Global equity returns continued to be positive in December with the FTSE All World Index (USD) climbing 4.8%. Inflation fell faster than expected in several western economies. This has heightened expectations for rapid cuts to central banks’ interest rates during 2024. Mid-month the Federal Reserve’s own policy projections indicated substantial rate cuts to come. With the global Index now just 4% below the all-time end of 2021 high, the fears of “higher for longer” that surrounded the market sell off in the summer seem long forgotten.
The equity market rally has been relatively narrow and dominated by a small handful of technology companies. These firms generally continue to enjoy increasing growth forecasts. Such growth is becoming increasingly tricky to find.

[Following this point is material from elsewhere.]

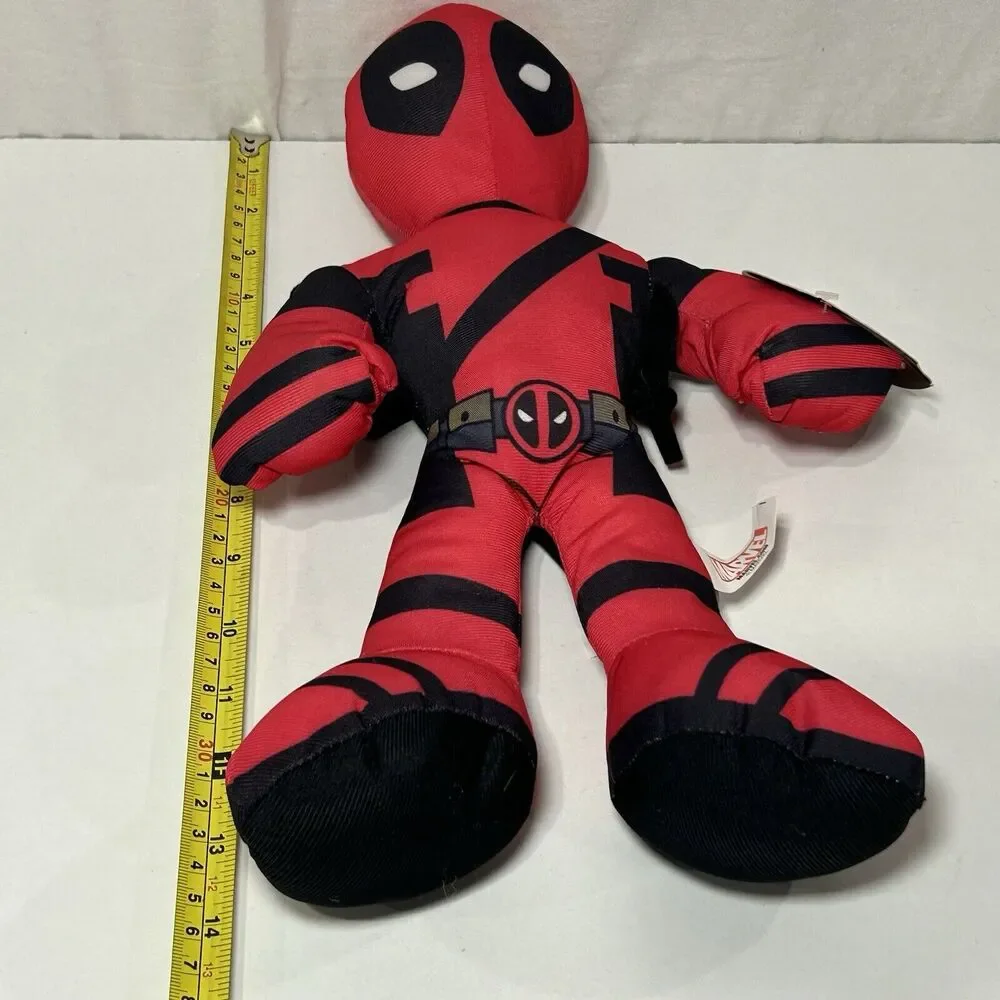 Marvel Super Heroes Deadpool 9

One area of the global equity market that has been left behind generally is China. The knock-on impacts of the property sector bust on the domestic economy are relatively well understood. What international investors continue to struggle with, is the gauntlet of regulations and a changing operating environment for companies. A further unanticipated change occurred during December when the country introduced more stringent rules for online gaming companies. While Tencent spokesman indicated they are well positioned to manage the new rules, the violent share price reaction to the news indicated concerns of the investment community. As we wrote last time multiples are generally low in the country and international investors are generally very underweight in the region. Both, historically, change rapidly once confidence returns.
Trading activity was limited with some reductions in weightings to the energy sector, Adobe and a top-up in AMD and the S&P ETF. A new position was established in Crowdstrike in line with the fund.

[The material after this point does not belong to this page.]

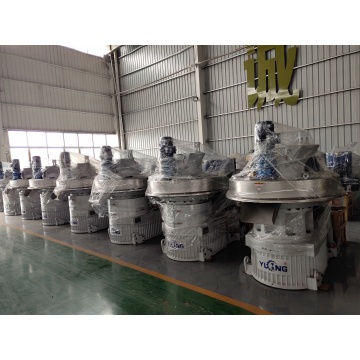 Timer waste wood pellet making line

During the month, the Ashburton Global Equity Growth Model Portfolio (USD) returned +6.4%. The best performing stocks held were Enphase (+30.8%), Align (+28.2%) and AMD (+21.7%). While the worst were Tencent (-10.2%), Patterson (-7.8%) and Vermilion (-3.6%).
2024 will be another huge year for geopolitics, with a record number of elections being held globally. Inflation remains among the most important variables for investors to watch given it tends to drive the central bank decision makers who raise or lower global liquidity levels, which affect investment markets. We continue to look for reasonably priced quality companies who are compounding their intrinsic value and offering above market growth rates.